Lettre à Didier, “beauf” périurbain [par Jean-Paul Pelras]

Cher ami,
lors de son Université d’été rebaptisée “Campus”, le Parti dit “socialiste” a donc organisé une table ronde où, faute de chevaliers suffisamment qualifiés pour élever le débat, les participants durent se contenter de cette question : “La France périurbaine est-elle la France des beaufs ?” Petite erreur d’aiguillage que le secrétaire général du parti, ayant totalisé 1,75 % des suffrages lors des dernières élections présidentielles, essaya de rattraper. “Cette France périurbaine, c’est une France qui a de l’avenir et envie de bosser. Elle a envie qu’on arrête de l’emmerder en lui donnant des leçons depuis des plateaux de télévision parisiens. Je suis bien content qu’on parle de cette table ronde même si j’entends qu’on aurait pu tourner la phrase différemment” a donc rajouté Pierre Jouvet sur le plateau des “Grandes Gueules”. Pirouette peu crédible, à l’instar de celle effectuée quelques jours plus tôt par les écologistes lors de leurs “Journées d’été” où ils tentèrent, malgré une vague de désaffection quasi-historique, de réhabiliter le rappeur Médine (également invité aux universités d’été de la France Insoumise), auteur de propos antisémites à l’encontre de l’essayiste Rachel Khan.

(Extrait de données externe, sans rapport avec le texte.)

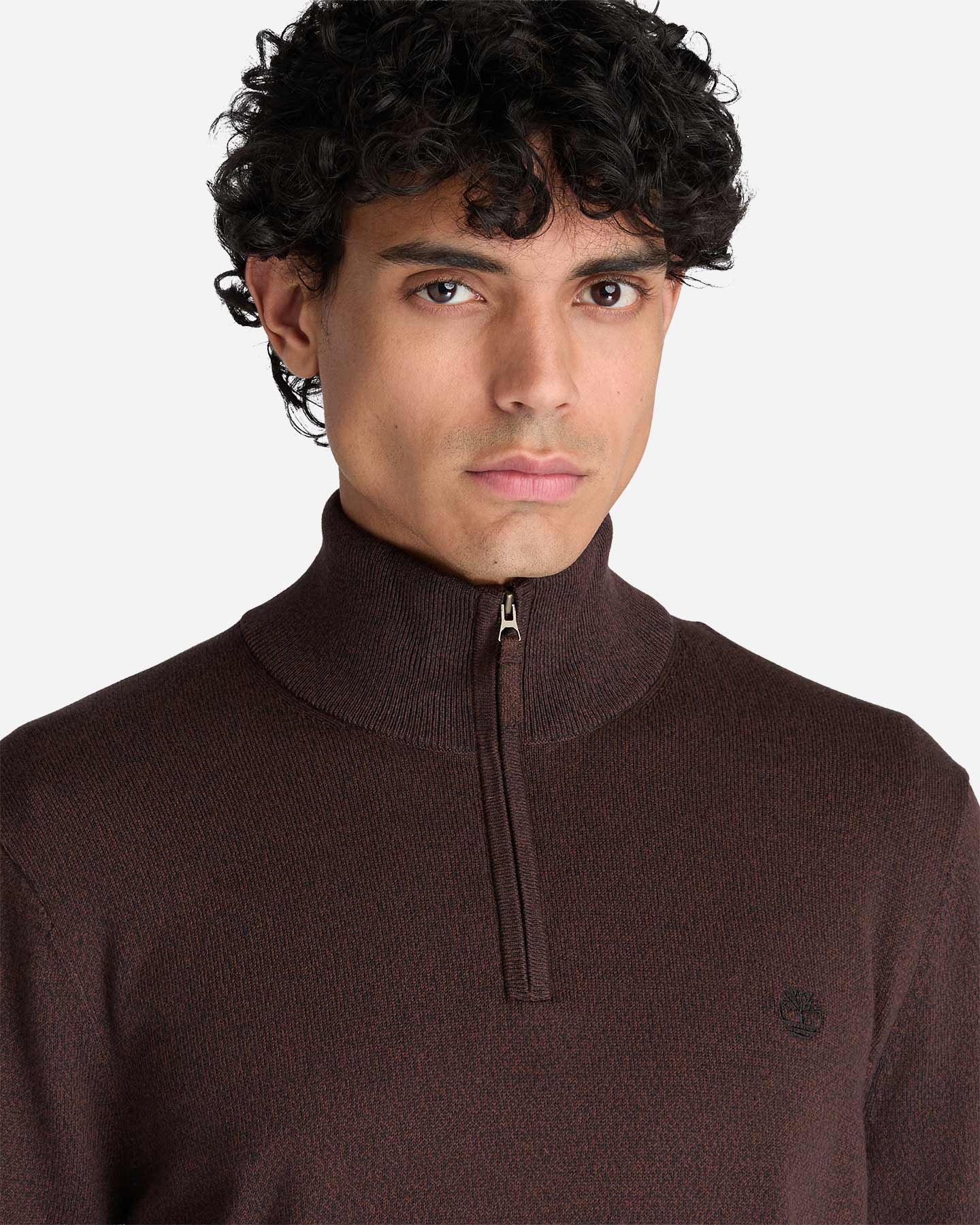 Maglione TIMBERLAND BASIC M - Marrone - 4 | Cisalfa Sport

L’histoire ne dit pas cher ami, si tu apprécies ledit troubadour aux prises de positions controversées, mais elle nous apprend, grâce au débat suscité par les héritiers de Mitterrand, que tu es un “beauf” puisque tu gîtes à Clapiers, charmante bourgade située en apostille de Montpellier. Te connaissant depuis plus de trois décennies, je ne te trouve évidemment aucune ressemblance avec “Le beauf à la Cabu, imbécile et facho” chanté par Renaud, toi l’infirmier qui passa sa vie à soigner, dans les quartiers sensibles, ceux que la gauche bobo tente de récupérer.

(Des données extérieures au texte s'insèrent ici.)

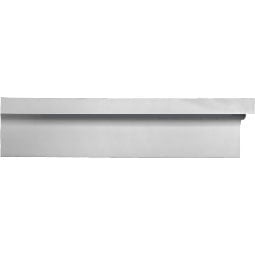 Spectis Moulders Inc. - MD1570 - 10 13/16"H x 2 3/4"P Standard Moulding, 12' 0" Length, Urethane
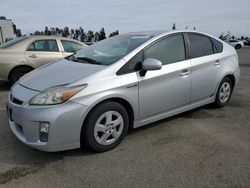 Salvage cars for sale from Copart Rancho Cucamonga, CA: 2010 Toyota Prius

Les intellos tenants de la “grande classe” seraient-ils en train de migrer dangereusement vers le mépris de classe. Ou bien ont-ils égaré cette boussole qui leur permettait de retrouver leurs quatre points cardinaux, à savoir l’indulgence, la conscience, la tolérance et, il est vrai beaucoup plus rarement, le brio ?

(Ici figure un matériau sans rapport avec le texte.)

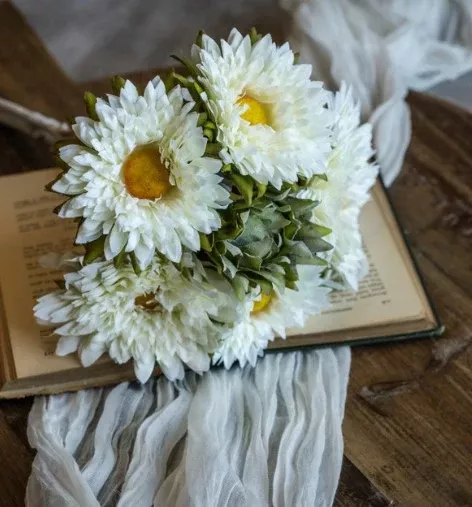 Cream Garden Mum Bundle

Et pourtant, tout bien considéré, si l’on compare ton modus vivendi à celui de ces élites politiciennes vivant du côté de Lyon, Bordeaux, Strasbourg, Lille ou Paris, tu sais encore où se situe l’échelle des valeurs indispensables aux évolutions de notre pays. Ce pays où sont désormais considérés comme persona non grata ceux qui osent écouter Sardou, apprécier Delon, respecter le drapeau français, prendre l’apéro entre amis, faire leurs courses au supermarché, épargner trois sous quand le contexte le leur permet, préférer le travail à la paresse, la construction à la déconstruction, l’être au paraître, l’essentiel au non essentiel et, n’en déplaise à l’ancien ministre Sébastien Grivaux, fumer quelques clopes et rouler au diesel. Car, en définitive, qui sont ces gens moins férus de culture que de permaculture, moins enclins à la raison qu’à l’aberration, unis sous une bannière déchirée qui leur donne, car ils sont élus ou autoproclamés, le droit de désigner à l’avenant ceux qui ne partagent pas leurs “petites” idées.

Il faudrait, à ce propos, organiser un congrès, un séminaire, une université, quelques journées d’hiver, de printemps d’automne ou d’été pour jauger la portée de leur médiocrité ? Cette médiocrité qui dénigre arbitrairement afin de pouvoir exister politiquement. Quitte à se contredire, quitte à oublier que, voilà un peu plus d’un siècle, Jaurès soutenait la France périurbaine du côté de Carmaux, Castres, Maraussan et ailleurs. Celle ou les “beaufs” étaient ouvriers, paysans ou mineurs.